The Comic: Hippolyta “Lyta” Hall and her husband Hector Hall are former superheroes who, in the wake of Hector’s death from all that superheroing, have taken up residence inside the false Dreaming created by Brute and Glob inside Jed Walker’s mind. The pregnant, lonely Lyta loses track of reality within this false dream-world, some part of her aware that her husband is dead and that she really should have had the baby by now. But she clings to the false reality until Morpheus arrives on the scene. The Dream King banishes Brute and Glob to the Darkness, sends Hector back to the land of the dead, and boots Lyta out into the waking world. Before he goes, Dream casually informs Lyta that since her baby spent so much time gestating in the dream-realm, it now belongs to him and he will one day arrive to take possession of it. A furious, grieving Lyta vows to keep that from ever happening.

The Change: The Sandman show goes out of its way to give the female characters (including those gender-swapped from male characters in the comics) just a bit more agency than they originally had, letting them be a bit more assertive and in control of their own fate.

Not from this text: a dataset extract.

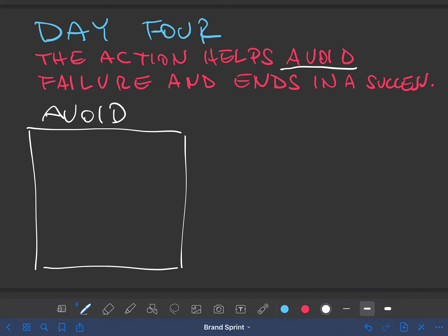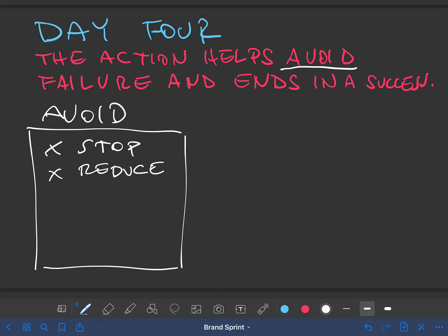You will stop procrastinating and act. You will reduce your costs by 25% in 14 days. You will never have to pick up the mail at the postal office again because we will bring it to you. Put in your own examples. What are you helping them avoid?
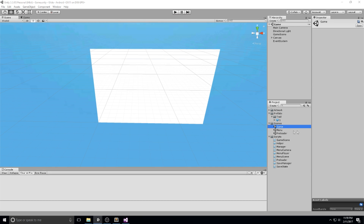Hey, what's going on guys? Welcome back to the 17th episode of the Glide Tutorial. Today we're going to be looking at the game scene and start tackling the player inside of the game scene. We're going to be creating the prefab and also adding a camera to it — a really simple camera that works wonders. So today let's open up the game scene.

Except for Lyta (Razane Jammal).

The show ignores all the superhero backstory from the comics and instead, Lyta is now just a nice, normal woman who is friends with Rose Walker and is grieving the recent loss of her beloved husband Hector (Lloyd Everitt). When Rose begins unwittingly manifesting as the new dream vortex, she inadvertently brings Lyta’s dream-memory of Hector back to life within the Dreaming. In the comic, Gaiman suggested that Lyta was fully aware of how unnatural her arrangement with the deceased Hector was, but she carried on out of willful delusion. Lyta on the show, however, is truly blameless for the situation she finds herself embroiled in and the magically-accelerated pregnancy that follows.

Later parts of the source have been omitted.